Whatever song is playing over the speakers here at the M&D sounds awfully similar to Bob Dylan's Tryin' to Get to Heaven from Time Out of Mind, but there are no lyrics this time around, and it is becoming more and more Celtic with each passing bar. I wish that it were Tryin', because that's a beautiful song about hopelessness and optimism, and it references both Missouri and New Orleans. Most people might say Texas or California, but I think that Missouri and New Orleans are the two most visceral US locations out there. I have no personal basis for this claim, and I think that is why I feel the need to make it.

My favorite editorial columnist, the smug and biting Frank Rich, wrote a particularly insightful article today about the possible pitfalls of GOP moves to the right socially when the rest of the country appears to be headed in the opposite direction. In it, he calls out John McCain for his blunder on ABC's "This Week":
"Are you against civil unions for gay couples?” he asked the senator, who replied, “No, I’m not.” When Mr. Stephanopoulos reiterated the question seconds later — “So you’re for civil unions?” — Mr.

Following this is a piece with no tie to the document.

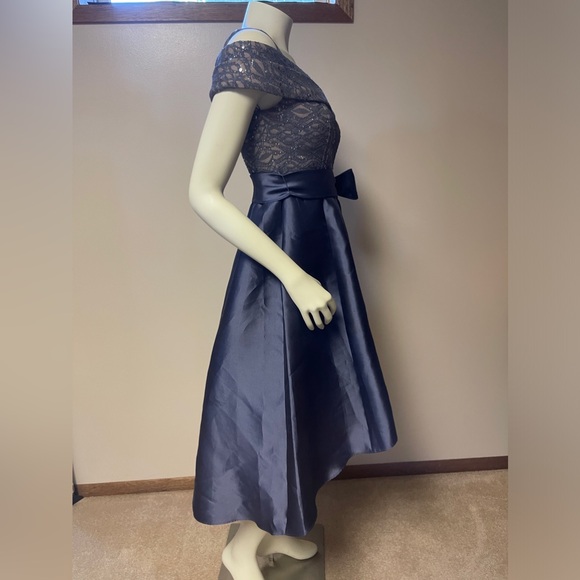 RM Richards Gown Sz 8P Dress Gray Lace Sequins Bow Hi-Low V-Neck Looks New! - Picture 2 of 11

McCain answered, “No.” In other words, he was not against civil unions before he was against them.
Now that is leadership.
On the same side, Newt Gingrich has announced that he will be sitting on the sidelines until the fall, leaving the frontrunners to duke it out through the summer and hoping that his late splash will prove beneficial to his campaign. In the meantime he called today's social challenges, presumably gays, God, and guns, "greater than any since 1861," and is touting his new slogan "Real Change requires Real Change." Hey, we here at 3Q approve of that motto because, hey, let's start with the obvious. As for likening same-sex marriage to slavery, we might be getting ahead of ourselves a little bit.
Getting back to the title of the post, Sen. Evan Bayh has changed his mind after years of preparation and decided to end his courtship of the Democratic nomination. Every article about this says the same thing, how everyone is shocked to hear the news. Well, I am, too. Not to mention disappointed. From what I could gather he seemed to lack charisma, but I was nevertheless interested to hear what he had to offer, especially in contrast to the Big 2. Indiana, the Crossroads of America, has lost it's hope for the big stage.
The warm winter is continuing here in Quabbin Qountry, which made for a great run this afternoon. Yesterday as I was running toward Knight Pond I was flagged down by one of the local residents asking me if I had seen any xmas tree poachers on her property. I hadn't, but I used the opportunity to ask the woman if she would allow me to run on her property, which was dotted on either side of her house for a few hundred meters with dozens of No Trespassing signs. She obliged my request, saying that the signs were only there to deter ATV riders who illegally and dangerously romped through her woods on a regular basis, destroying trails and annoying anyone in earshot all the while. Today I took her up on her offer, and set off into the trails, which are wider than singletrack, and not too rugged. Ideal for running with a small group of people. I anxiously await the days that I can show them off to my cohorts, from the early pine forests to the rickety marsh bridges, and through to the clearcuts that remind me of my childhood days in Oak Harbor.
It has been a long and trying weekend here at QQHQ, time to go home, rustle up some grub and read until I fall asleep. Should only take about ten minutes.